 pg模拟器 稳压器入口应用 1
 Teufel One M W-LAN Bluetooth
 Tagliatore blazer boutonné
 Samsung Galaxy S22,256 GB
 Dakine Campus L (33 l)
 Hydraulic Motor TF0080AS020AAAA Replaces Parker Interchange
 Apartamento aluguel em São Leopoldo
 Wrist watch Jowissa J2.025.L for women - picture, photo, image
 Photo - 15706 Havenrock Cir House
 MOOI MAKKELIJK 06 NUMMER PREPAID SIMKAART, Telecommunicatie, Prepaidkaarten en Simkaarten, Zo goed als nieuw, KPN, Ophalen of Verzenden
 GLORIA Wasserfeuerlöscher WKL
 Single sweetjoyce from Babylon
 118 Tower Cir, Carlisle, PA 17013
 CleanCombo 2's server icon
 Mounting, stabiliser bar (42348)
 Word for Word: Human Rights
------
WORK TASK. Hand back the material above in full, exactly as written.

REPLY.
 pg模拟器 稳压器入口应用 1
 Teufel One M W-LAN Bluetooth
 Tagliatore blazer boutonné
 Samsung Galaxy S22,256 GB
 Dakine Campus L (33 l)
 Hydraulic Motor TF0080AS020AAAA Replaces Parker Interchange
 Apartamento aluguel em São Leopoldo
 Wrist watch Jowissa J2.025.L for women - picture, photo, image
 Photo - 15706 Havenrock Cir House
 MOOI MAKKELIJK 06 NUMMER PREPAID SIMKAART, Telecommunicatie, Prepaidkaarten en Simkaarten, Zo goed als nieuw, KPN, Ophalen of Verzenden
 GLORIA Wasserfeuerlöscher WKL
 Single sweetjoyce from Babylon
 118 Tower Cir, Carlisle, PA 17013
 CleanCombo 2's server icon
 Mounting, stabiliser bar (42348)
 Word for Word: Human Rights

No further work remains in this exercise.